Pencil Drawing of Conway, AR

When we arrived in Conway, Arkansas, in early May, on one of our enjoyable trips through the “Natural State,” the entire city was abuzz with excitement about the Toad Suck Daze. This was something totally unknown to us. We heard several different reasons for the celebration. One legend has it that long ago steamboats traveled the Arkansas River when the water was at the right depth. When it wasn’t, the captains and their crew tied up to wait where the Toad Suck Lock and Dam now spans the river. While they waited they refreshed themselves at the local tavern, to the dismay of the people living nearby, who accused them of “sucking the bottle until they swell up like toads.” Thus, the name Toad Suck. The tavern disappeared over time, but the legend and fun live on in Conway’s Toad Suck Daze.

Conway was founded in the mid 1800s by A. P. Robinson, who came to the area shortly after the Civil War. Robinson was the chief engineer for the Little Rock-Fort Smith Railroad (now the Union-Pacific). Part of his compensation was the deed to a one-square-mile tract of land. When the railroad came through, Robinson deeded a small tract of his land back to the railroad for a depot site. He laid out a town site around the depot and named it Conway Station, in honor of a famous Arkansas family. Conway Station contained two small stores, two saloons, a depot, some temporary housing and a post office.

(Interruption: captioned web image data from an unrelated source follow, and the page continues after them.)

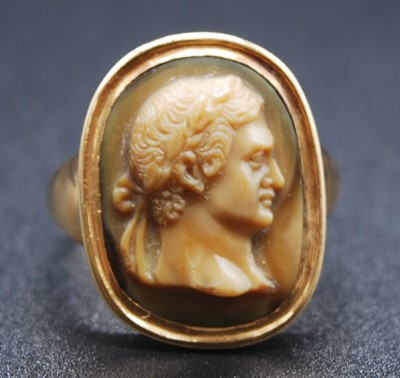 Lot 2615 - A yellow metal carved Lava Stone cameo ring...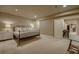 Finished basement bedroom features neutral tones, a double bed, and a rocking chair at 2988 Rockbridge Dr, Highlands Ranch, CO 80129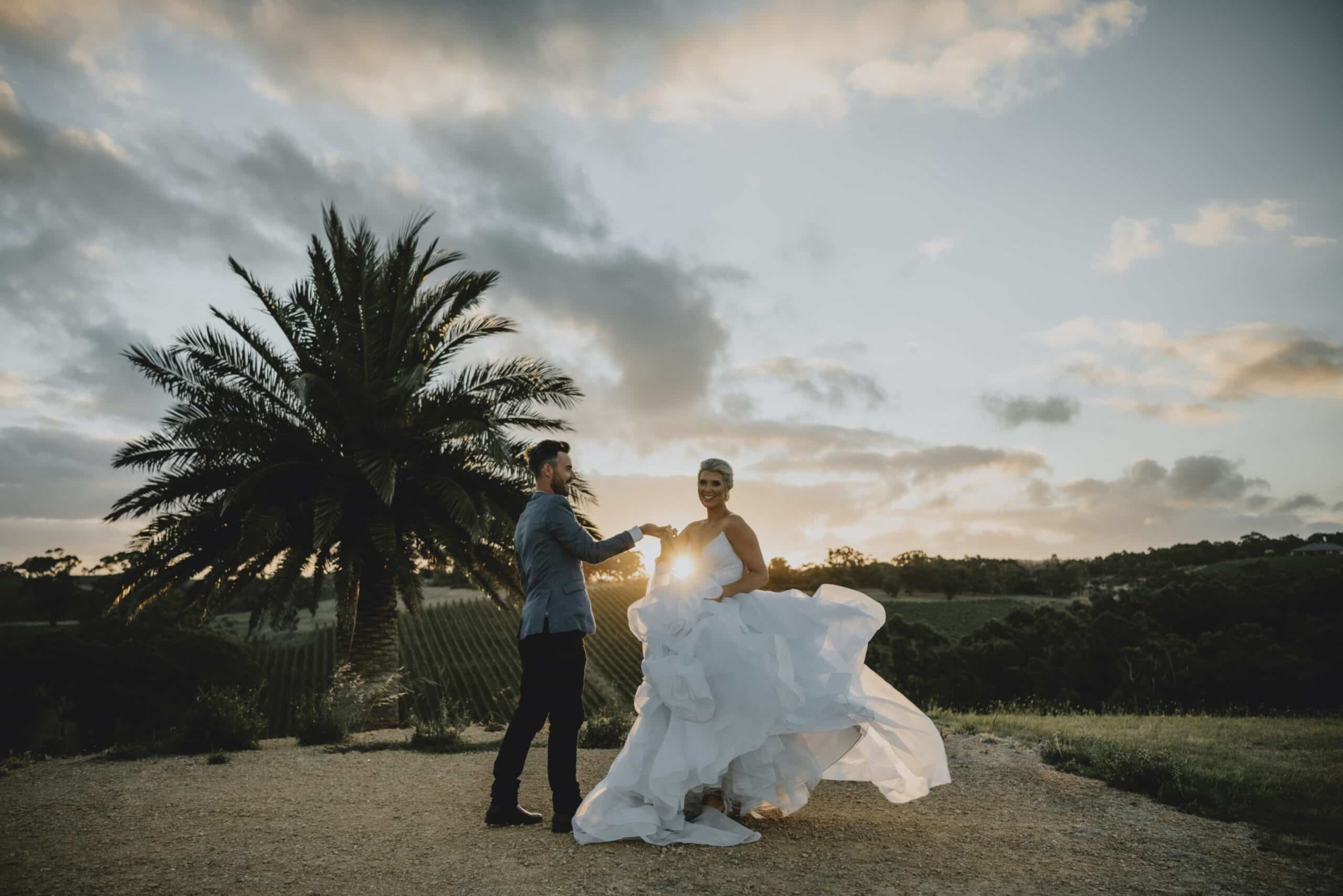 Bride and groom dance at sunset on a hilltop vineyard with a flowing dress and palm tree backdrop.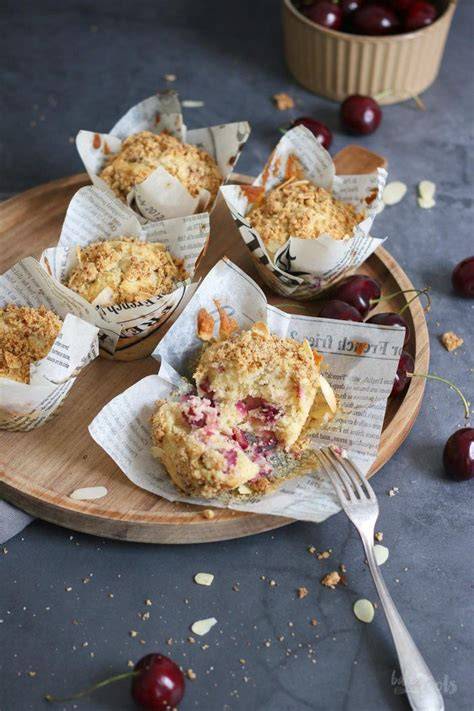 Kirsch-Streusel-Muffins auf rustikalem Brett, Nahaufnahme der Streusel und saftigen Kirschstücke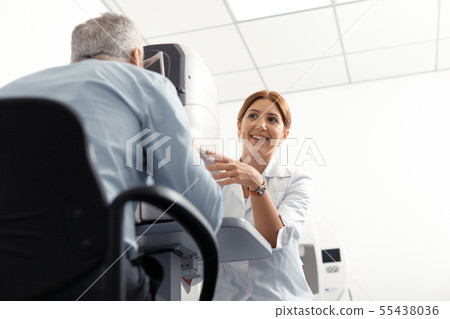 Beautiful young eye doctor smiling while examining retired man 55438036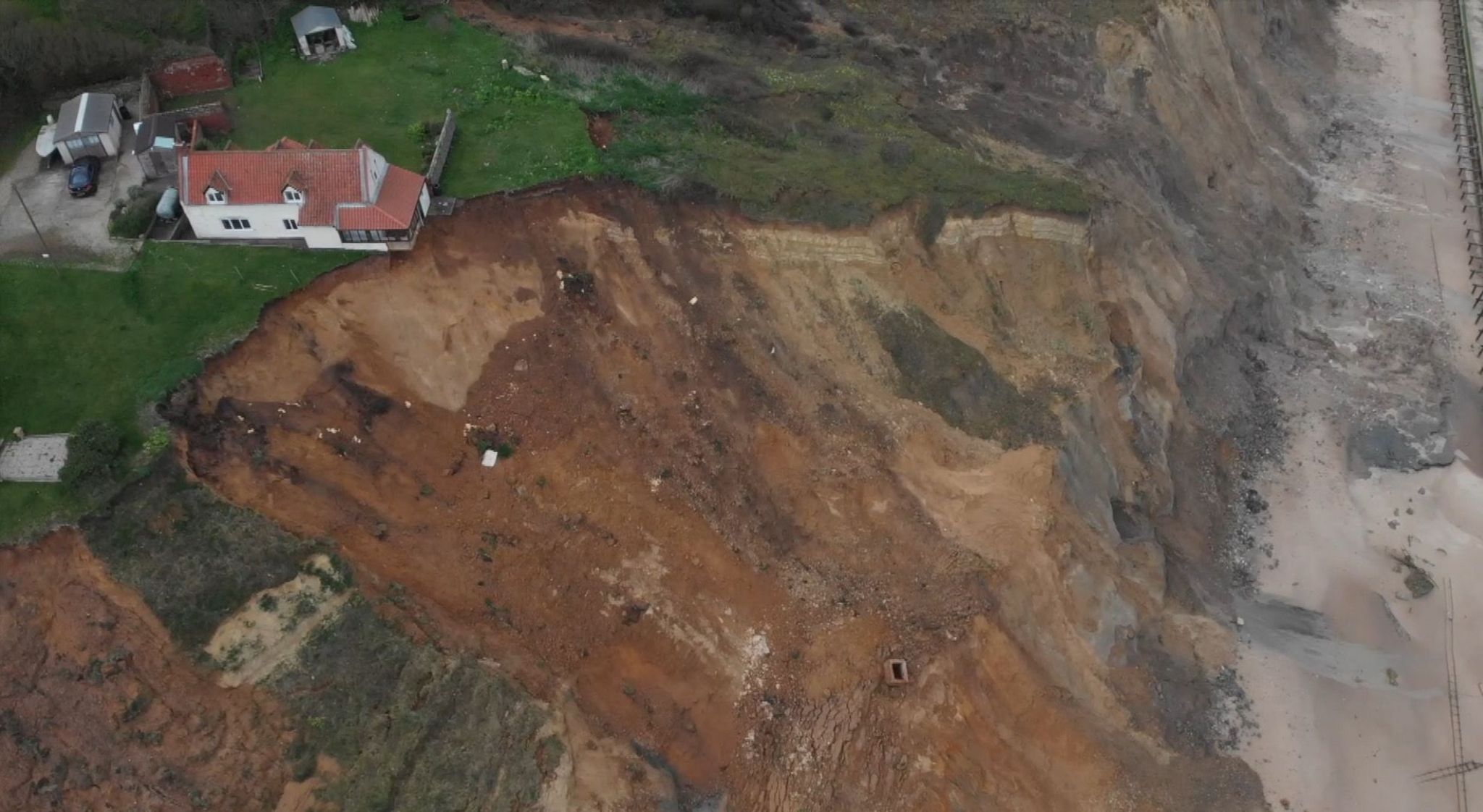 A drone image of the farmhouse partially hanging over the cliff edge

For many years Conway flourished as a trade center for a large rural agricultural area. With the establishment of Hendrix College, Central Baptist College and the University of Central Arkansas, Conway became an educational center. The city’s economy was firmly established on agriculture and the educational institutions until World War II.

After the war, diversification of the economy was started by Conway businessmen, and several small industries were attracted to Conway. Subsequently, additional state institutions were located in Conway, including the headquarters for the Office of Emergency Services, the Human Development Center, and the Arkansas Educational Television Network.